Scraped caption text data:
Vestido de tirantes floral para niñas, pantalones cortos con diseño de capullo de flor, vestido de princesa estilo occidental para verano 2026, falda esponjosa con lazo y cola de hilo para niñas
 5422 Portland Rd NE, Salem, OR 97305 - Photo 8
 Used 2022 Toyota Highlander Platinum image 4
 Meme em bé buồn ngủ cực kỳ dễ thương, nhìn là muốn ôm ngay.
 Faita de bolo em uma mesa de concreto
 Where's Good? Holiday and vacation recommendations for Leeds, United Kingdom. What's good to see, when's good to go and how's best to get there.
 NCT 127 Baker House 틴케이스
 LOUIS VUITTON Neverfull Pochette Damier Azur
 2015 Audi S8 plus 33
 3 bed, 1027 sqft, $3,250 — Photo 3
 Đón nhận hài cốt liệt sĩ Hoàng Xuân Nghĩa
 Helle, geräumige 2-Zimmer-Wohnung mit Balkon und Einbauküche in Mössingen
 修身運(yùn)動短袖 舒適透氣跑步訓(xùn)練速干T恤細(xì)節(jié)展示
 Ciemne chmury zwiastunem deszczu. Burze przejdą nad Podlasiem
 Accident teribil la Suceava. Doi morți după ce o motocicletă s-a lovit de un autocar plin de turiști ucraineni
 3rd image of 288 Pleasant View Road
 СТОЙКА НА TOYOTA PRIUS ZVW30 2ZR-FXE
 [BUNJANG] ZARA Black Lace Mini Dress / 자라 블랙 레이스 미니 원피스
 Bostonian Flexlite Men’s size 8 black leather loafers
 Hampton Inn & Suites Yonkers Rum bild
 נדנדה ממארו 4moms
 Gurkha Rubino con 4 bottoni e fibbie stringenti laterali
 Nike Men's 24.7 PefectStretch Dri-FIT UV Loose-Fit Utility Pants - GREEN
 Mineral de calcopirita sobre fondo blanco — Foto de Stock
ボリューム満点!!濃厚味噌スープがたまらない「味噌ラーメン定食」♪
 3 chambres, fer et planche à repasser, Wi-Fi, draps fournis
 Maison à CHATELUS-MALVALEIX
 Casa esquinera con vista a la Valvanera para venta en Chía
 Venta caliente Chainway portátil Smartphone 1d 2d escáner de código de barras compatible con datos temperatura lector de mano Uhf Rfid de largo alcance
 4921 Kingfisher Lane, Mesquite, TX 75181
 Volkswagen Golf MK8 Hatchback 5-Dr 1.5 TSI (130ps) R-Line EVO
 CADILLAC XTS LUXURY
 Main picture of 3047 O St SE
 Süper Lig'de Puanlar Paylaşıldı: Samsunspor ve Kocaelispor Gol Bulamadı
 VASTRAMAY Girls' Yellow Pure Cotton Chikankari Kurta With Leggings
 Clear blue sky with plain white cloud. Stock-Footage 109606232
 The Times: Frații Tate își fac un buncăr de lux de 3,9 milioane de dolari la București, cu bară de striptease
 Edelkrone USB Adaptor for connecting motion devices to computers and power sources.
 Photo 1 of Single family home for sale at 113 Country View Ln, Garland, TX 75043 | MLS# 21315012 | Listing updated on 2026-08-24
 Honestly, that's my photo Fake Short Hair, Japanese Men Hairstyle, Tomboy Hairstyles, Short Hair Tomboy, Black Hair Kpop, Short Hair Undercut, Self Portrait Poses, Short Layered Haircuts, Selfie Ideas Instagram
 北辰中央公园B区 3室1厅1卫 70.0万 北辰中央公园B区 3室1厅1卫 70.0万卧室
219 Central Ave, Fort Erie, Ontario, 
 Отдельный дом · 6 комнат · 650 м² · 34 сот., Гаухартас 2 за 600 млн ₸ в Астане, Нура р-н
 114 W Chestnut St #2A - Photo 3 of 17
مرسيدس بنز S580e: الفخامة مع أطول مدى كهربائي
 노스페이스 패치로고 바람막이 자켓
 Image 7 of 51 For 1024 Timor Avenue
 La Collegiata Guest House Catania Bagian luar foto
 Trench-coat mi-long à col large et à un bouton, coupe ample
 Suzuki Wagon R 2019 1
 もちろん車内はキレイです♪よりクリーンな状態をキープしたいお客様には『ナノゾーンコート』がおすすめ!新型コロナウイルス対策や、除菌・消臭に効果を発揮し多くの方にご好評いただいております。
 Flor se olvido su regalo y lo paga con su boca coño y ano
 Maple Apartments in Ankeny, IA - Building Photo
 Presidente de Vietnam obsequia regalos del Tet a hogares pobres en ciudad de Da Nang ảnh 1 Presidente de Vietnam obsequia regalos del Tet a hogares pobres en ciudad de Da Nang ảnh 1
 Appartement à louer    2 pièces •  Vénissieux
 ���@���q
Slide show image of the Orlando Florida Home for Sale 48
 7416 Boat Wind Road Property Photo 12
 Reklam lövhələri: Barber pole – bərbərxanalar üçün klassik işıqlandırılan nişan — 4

Directions —
Both end lines included, restate word for word the lines above from the line with "The Times: Frații" to the line with "Maple Apartments in", and nothing else.

Task answer —
 The Times: Frații Tate își fac un buncăr de lux de 3,9 milioane de dolari la București, cu bară de striptease
 Edelkrone USB Adaptor for connecting motion devices to computers and power sources.
 Photo 1 of Single family home for sale at 113 Country View Ln, Garland, TX 75043 | MLS# 21315012 | Listing updated on 2026-08-24
 Honestly, that's my photo Fake Short Hair, Japanese Men Hairstyle, Tomboy Hairstyles, Short Hair Tomboy, Black Hair Kpop, Short Hair Undercut, Self Portrait Poses, Short Layered Haircuts, Selfie Ideas Instagram
 北辰中央公园B区 3室1厅1卫 70.0万 北辰中央公园B区 3室1厅1卫 70.0万卧室
219 Central Ave, Fort Erie, Ontario, 
 Отдельный дом · 6 комнат · 650 м² · 34 сот., Гаухартас 2 за 600 млн ₸ в Астане, Нура р-н
 114 W Chestnut St #2A - Photo 3 of 17
مرسيدس بنز S580e: الفخامة مع أطول مدى كهربائي
 노스페이스 패치로고 바람막이 자켓
 Image 7 of 51 For 1024 Timor Avenue
 La Collegiata Guest House Catania Bagian luar foto
 Trench-coat mi-long à col large et à un bouton, coupe ample
 Suzuki Wagon R 2019 1
 もちろん車内はキレイです♪よりクリーンな状態をキープしたいお客様には『ナノゾーンコート』がおすすめ!新型コロナウイルス対策や、除菌・消臭に効果を発揮し多くの方にご好評いただいております。
 Flor se olvido su regalo y lo paga con su boca coño y ano
 Maple Apartments in Ankeny, IA - Building Photo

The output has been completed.